__Action item__
Instruction for the entries below: return the part that opens with the line containing "Residences at Daniel Webster" and closes with the line containing "Wholesale Traditional Necklace Set", exactly, and no pictures.

(Records to use begins)

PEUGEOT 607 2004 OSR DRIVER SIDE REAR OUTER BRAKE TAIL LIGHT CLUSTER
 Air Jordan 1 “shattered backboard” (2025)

(Records to use ends)
(Records to use begins)

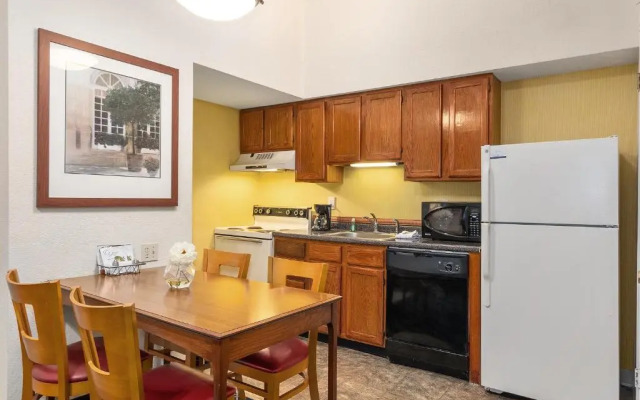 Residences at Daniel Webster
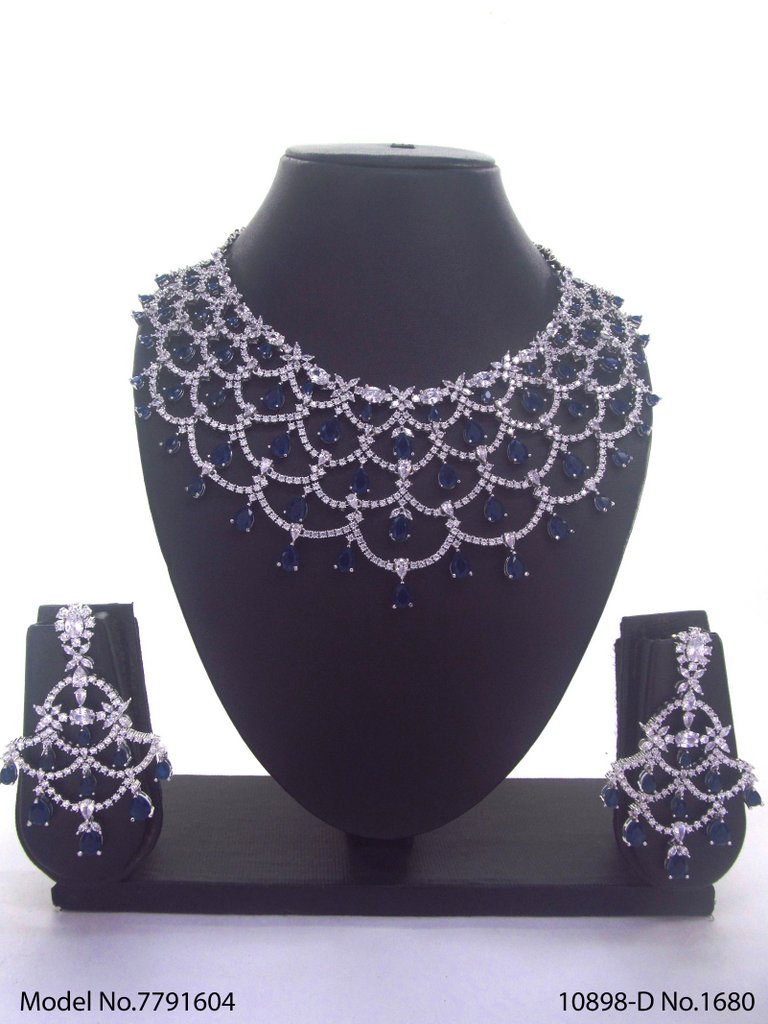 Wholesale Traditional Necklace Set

(Records to use ends)
(Records to use begins)

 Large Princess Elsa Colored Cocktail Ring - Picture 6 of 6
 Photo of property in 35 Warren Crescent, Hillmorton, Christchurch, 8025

(Records to use ends)

__Answer__
 Residences at Daniel Webster
 Wholesale Traditional Necklace Set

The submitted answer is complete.